- **About this task**
Look below for the line that contains "Duschtuch 70 x 140 cm beige", then copy it and each following line exactly, through and including the line that contains "RENAULT Captur usata, con".

- **Records for this task**
▶

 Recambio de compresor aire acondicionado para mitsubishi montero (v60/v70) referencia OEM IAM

◀
▶

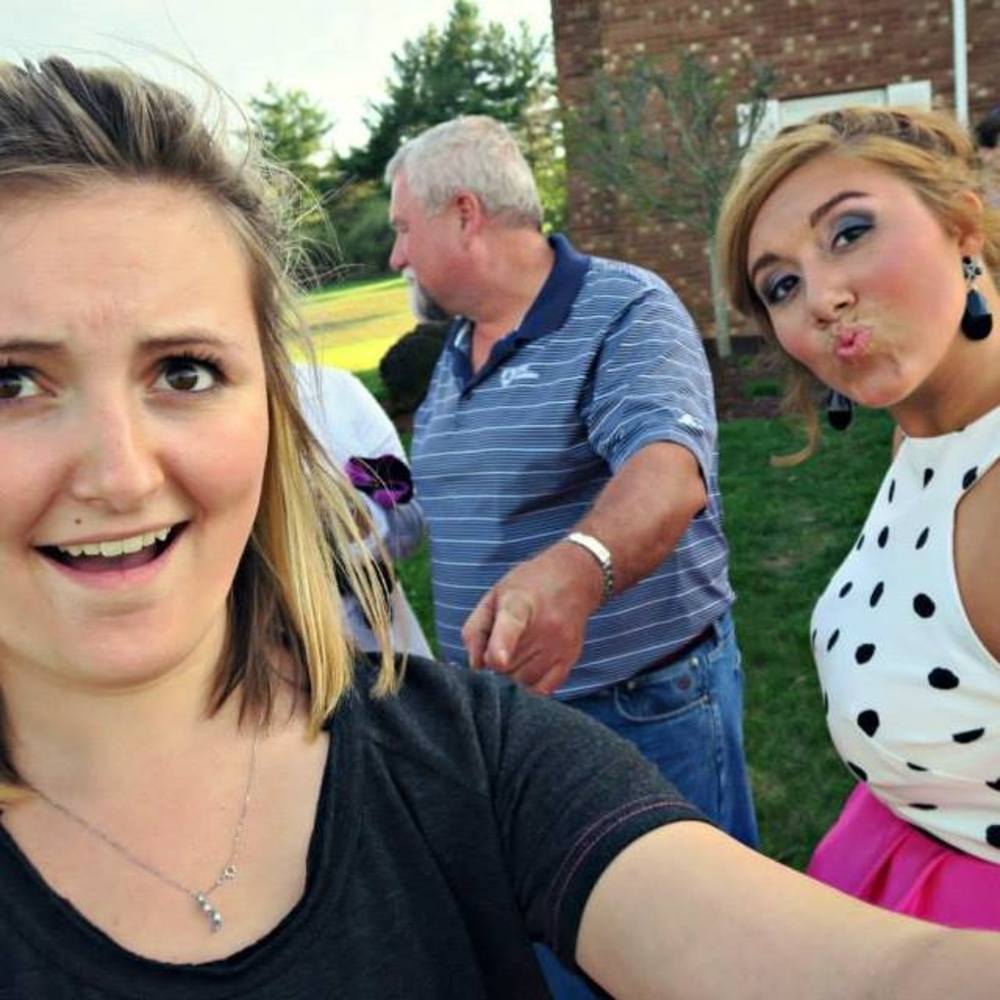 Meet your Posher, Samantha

◀
▶

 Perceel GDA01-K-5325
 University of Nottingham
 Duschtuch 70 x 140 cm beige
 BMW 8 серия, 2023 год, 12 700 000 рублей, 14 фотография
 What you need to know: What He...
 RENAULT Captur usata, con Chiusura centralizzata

◀

- **Exercise output**
 Duschtuch 70 x 140 cm beige
 BMW 8 серия, 2023 год, 12 700 000 рублей, 14 фотография
 What you need to know: What He...
 RENAULT Captur usata, con Chiusura centralizzata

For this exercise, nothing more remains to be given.